Monday, December 13, 2010


Fast food developments.
High prices in supermarkets must be financing growth in construction of new supermarkets. (Another rant.) A suburb that had only one supermarket soon gets another and next thing, one or two more are planned for a population that has remained fairly stable (in size!). Competition is negated by the duplication of one supermart after another.
The cost of food is increasing faster than it seems it should.  A local MP was supermartket shopping in Mayfield recently and I wonder if she noticed the price tags. Increases are no way incremental but jump by forty or fifty per cent. That goes for rent and food.  At the same time, food is valuable and producers should be rewarded instead of current tactics.
Do prices bear any relation to the costs of production or to the nutritional value? No way. Prices are plucked out of the air. For example it can be seen that the very same batch of vegetables will have a different price tag each day or so and usually the figure goes upwards.
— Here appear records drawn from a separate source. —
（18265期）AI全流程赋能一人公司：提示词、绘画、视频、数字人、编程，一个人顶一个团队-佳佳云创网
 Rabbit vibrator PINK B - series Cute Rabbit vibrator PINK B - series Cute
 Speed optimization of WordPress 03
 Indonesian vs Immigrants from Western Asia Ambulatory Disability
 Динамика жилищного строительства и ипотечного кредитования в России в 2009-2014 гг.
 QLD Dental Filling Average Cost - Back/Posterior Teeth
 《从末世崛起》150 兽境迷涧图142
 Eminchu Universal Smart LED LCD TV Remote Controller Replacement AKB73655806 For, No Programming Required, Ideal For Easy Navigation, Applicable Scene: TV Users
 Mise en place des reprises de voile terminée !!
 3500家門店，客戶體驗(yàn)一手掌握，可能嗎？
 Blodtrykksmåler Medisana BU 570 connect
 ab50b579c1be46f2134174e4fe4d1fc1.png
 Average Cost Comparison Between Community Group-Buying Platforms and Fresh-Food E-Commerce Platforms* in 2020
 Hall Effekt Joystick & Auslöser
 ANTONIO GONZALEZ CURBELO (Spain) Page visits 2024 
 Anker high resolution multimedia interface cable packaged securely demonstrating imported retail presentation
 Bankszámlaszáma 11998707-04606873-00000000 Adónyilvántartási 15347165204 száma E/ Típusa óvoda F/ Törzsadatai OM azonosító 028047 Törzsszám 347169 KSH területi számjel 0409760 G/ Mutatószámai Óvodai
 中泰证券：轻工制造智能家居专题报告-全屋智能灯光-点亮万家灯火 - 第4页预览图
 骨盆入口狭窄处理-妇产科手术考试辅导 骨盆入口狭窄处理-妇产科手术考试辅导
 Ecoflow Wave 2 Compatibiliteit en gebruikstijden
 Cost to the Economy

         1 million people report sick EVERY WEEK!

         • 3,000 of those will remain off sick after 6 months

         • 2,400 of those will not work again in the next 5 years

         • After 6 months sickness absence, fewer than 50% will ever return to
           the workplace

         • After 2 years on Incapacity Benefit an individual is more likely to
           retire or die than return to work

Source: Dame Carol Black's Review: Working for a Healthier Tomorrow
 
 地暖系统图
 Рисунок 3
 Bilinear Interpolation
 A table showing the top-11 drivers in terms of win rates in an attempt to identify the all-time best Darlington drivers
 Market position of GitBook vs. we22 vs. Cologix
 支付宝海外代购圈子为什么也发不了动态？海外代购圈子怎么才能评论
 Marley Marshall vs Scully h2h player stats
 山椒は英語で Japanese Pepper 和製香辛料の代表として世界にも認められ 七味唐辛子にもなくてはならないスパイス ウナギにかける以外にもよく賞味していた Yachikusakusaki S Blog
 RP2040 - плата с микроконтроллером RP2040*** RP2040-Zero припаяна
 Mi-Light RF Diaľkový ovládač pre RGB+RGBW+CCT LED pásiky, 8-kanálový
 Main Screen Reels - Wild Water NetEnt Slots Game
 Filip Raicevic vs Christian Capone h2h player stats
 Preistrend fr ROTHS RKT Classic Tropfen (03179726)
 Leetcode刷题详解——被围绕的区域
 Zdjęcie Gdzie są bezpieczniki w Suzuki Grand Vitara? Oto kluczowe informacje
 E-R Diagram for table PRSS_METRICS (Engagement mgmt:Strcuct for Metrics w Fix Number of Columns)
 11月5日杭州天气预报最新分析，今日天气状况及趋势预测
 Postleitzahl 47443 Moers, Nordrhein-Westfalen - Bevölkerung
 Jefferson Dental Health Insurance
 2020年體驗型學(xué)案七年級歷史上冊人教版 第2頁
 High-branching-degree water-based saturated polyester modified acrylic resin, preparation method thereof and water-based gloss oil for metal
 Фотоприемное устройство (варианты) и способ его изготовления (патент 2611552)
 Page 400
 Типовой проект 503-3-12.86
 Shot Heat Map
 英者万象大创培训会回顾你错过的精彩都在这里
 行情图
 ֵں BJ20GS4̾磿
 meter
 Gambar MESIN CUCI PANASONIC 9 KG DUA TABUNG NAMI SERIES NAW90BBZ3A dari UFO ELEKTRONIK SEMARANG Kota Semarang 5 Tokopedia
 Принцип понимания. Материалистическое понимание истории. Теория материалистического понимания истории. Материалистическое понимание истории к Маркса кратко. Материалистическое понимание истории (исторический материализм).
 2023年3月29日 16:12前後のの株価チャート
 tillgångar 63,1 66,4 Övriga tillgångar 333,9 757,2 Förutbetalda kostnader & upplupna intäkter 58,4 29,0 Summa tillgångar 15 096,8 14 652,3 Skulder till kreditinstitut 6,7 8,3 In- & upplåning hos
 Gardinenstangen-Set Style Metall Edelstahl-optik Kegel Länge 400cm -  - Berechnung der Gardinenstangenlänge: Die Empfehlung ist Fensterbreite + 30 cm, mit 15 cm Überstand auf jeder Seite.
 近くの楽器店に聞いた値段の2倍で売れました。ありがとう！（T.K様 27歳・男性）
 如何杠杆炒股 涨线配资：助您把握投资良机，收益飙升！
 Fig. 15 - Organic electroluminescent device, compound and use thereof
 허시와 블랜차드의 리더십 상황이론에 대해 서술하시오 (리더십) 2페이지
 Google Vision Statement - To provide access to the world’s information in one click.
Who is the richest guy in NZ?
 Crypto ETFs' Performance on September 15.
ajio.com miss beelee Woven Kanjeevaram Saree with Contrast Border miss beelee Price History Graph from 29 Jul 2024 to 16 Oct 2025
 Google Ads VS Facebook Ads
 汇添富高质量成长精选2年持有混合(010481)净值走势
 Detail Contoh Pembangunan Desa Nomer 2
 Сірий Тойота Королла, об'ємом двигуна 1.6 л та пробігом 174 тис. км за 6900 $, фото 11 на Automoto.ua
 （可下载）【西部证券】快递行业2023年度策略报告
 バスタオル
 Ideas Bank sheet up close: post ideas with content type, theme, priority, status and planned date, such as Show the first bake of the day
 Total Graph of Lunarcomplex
Apart from that, shelves with basic foods have shrunk and contrast with high profit, nutrition-less, gratuitous items occupying loades of space.
For those who are really, really struggling on a low income it is impossible to buy filling, nutritious, economical, basic meals for any length of time from our supermarkets. Old inexpensive stand-bys don't exist. Those male chefs in the ads have a lot to answer for!
Some of our Pacific neighbours literally live on boiled white rice and canned mackeral, (both fully imported and non-traditional), now there's an idea and more healthy in some respects. The 'golden arches' feature items under two dollars as another alternative!